§ **Directions**: Nothing but an exact copy is asked for: the lines in the material below from the one with "Will FCK voor" through the one with "Egyptiacus Maximus, Thebaicus", pictures excluded.

§ **Information provided**:
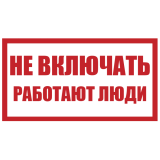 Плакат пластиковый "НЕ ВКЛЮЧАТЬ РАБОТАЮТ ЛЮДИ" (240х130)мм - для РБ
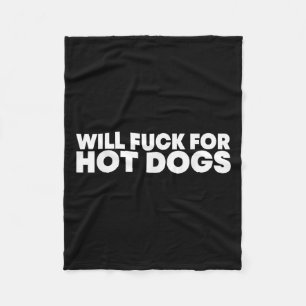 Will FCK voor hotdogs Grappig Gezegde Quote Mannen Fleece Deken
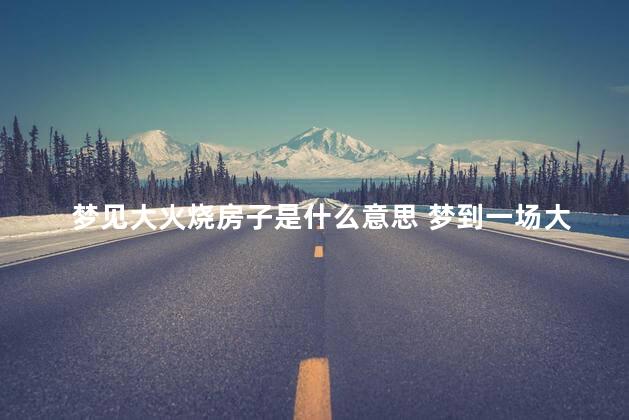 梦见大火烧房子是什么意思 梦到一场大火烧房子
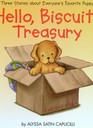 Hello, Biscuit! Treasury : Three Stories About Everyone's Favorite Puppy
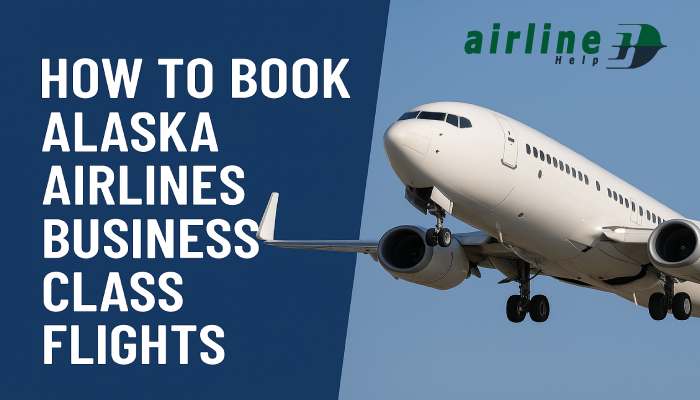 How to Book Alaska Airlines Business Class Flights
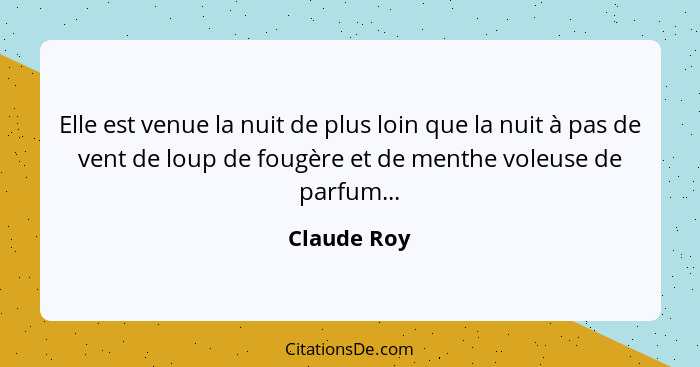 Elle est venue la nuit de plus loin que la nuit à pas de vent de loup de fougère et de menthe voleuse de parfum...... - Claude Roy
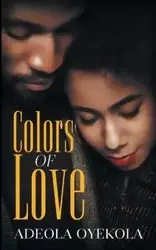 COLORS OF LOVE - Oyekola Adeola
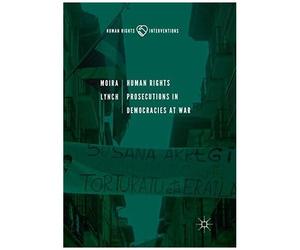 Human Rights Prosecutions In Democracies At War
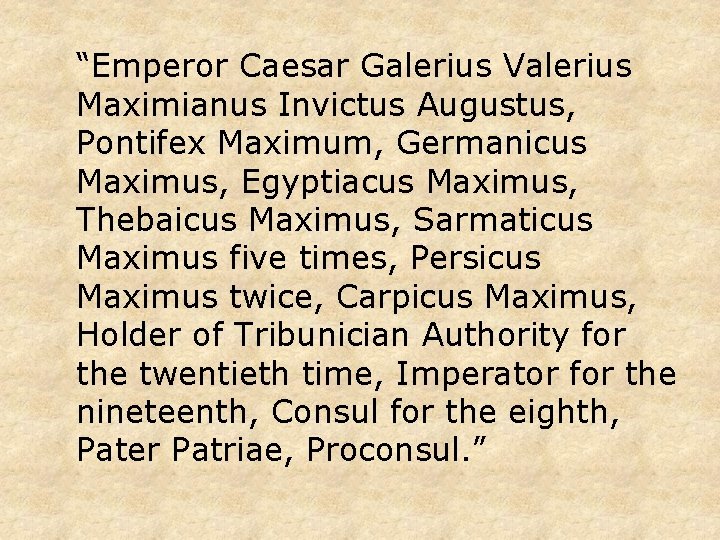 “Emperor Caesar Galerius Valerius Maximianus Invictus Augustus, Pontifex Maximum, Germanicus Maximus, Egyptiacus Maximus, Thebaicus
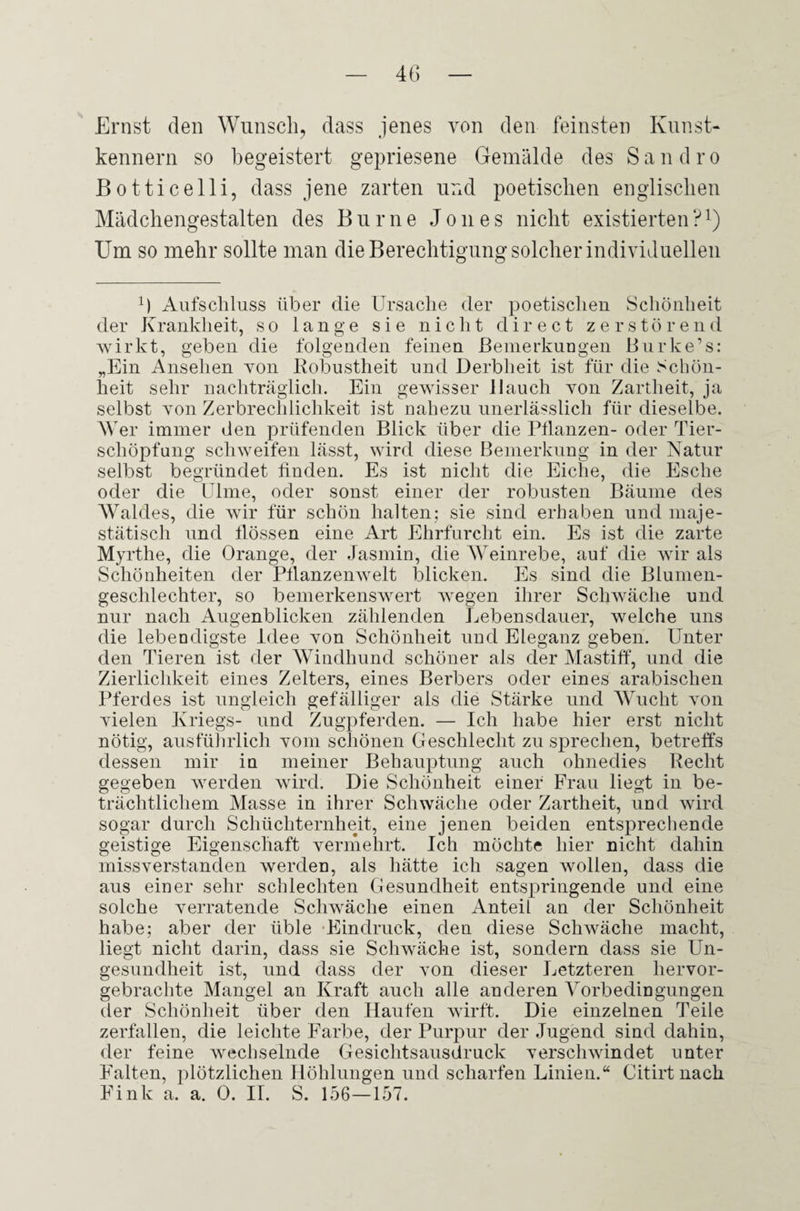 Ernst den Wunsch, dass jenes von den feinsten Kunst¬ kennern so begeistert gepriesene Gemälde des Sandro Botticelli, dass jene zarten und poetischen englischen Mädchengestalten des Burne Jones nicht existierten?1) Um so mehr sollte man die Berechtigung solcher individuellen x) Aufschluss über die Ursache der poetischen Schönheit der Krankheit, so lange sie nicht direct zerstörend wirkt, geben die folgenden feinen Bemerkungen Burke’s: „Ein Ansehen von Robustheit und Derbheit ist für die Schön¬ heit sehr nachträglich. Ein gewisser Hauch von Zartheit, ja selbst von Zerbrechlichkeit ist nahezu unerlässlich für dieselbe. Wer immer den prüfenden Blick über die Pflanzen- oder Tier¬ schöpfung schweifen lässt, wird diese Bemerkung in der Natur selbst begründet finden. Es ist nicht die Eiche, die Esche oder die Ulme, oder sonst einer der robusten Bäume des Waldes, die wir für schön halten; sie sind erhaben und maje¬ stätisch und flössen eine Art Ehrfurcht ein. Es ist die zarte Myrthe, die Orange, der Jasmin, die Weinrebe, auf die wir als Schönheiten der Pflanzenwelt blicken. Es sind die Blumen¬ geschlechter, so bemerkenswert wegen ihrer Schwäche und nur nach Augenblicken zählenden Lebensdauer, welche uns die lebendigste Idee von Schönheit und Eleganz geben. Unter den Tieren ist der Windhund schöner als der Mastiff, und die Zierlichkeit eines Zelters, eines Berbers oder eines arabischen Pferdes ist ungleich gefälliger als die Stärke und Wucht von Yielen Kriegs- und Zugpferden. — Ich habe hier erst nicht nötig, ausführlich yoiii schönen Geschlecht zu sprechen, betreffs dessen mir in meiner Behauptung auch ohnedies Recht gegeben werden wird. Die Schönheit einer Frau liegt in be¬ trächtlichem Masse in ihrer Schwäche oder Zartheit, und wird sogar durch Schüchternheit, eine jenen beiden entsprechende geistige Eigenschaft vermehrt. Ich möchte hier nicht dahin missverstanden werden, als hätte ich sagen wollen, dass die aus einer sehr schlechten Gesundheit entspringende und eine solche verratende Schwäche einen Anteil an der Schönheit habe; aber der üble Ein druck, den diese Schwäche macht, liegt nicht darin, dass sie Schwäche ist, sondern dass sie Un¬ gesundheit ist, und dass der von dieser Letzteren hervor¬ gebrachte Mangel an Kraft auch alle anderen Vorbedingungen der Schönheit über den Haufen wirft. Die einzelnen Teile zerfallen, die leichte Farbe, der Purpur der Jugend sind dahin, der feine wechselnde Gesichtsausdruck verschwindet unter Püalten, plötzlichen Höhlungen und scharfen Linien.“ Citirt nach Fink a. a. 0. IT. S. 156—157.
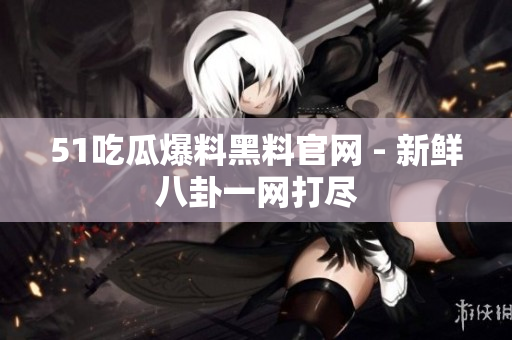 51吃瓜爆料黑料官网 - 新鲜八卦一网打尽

§ **Reply**:
 Will FCK voor hotdogs Grappig Gezegde Quote Mannen Fleece Deken
 梦见大火烧房子是什么意思 梦到一场大火烧房子
 Hello, Biscuit! Treasury : Three Stories About Everyone's Favorite Puppy
 How to Book Alaska Airlines Business Class Flights
 Elle est venue la nuit de plus loin que la nuit à pas de vent de loup de fougère et de menthe voleuse de parfum...... - Claude Roy
 COLORS OF LOVE - Oyekola Adeola
 Human Rights Prosecutions In Democracies At War
 “Emperor Caesar Galerius Valerius Maximianus Invictus Augustus, Pontifex Maximum, Germanicus Maximus, Egyptiacus Maximus, Thebaicus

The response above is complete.